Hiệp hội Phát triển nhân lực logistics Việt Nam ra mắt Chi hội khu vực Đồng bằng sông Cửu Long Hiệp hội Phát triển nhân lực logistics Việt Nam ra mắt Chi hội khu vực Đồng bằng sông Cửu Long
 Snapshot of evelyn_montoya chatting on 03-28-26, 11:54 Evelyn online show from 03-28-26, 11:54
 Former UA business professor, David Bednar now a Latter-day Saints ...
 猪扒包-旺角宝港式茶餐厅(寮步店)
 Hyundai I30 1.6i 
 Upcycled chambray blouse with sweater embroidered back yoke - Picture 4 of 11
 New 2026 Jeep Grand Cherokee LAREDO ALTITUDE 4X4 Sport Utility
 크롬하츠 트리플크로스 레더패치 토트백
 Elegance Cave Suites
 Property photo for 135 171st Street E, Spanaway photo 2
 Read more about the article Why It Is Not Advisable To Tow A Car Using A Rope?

※ ※ ※

§ **EXERCISE OBJECTIVE**:
Your reply should be a verbatim retyping of the lines from the one that holds "New 2026 Jeep" through the last line of the entries.

§ **EXERCISE ANSWER**:
 New 2026 Jeep Grand Cherokee LAREDO ALTITUDE 4X4 Sport Utility
 크롬하츠 트리플크로스 레더패치 토트백
 Elegance Cave Suites
 Property photo for 135 171st Street E, Spanaway photo 2
 Read more about the article Why It Is Not Advisable To Tow A Car Using A Rope?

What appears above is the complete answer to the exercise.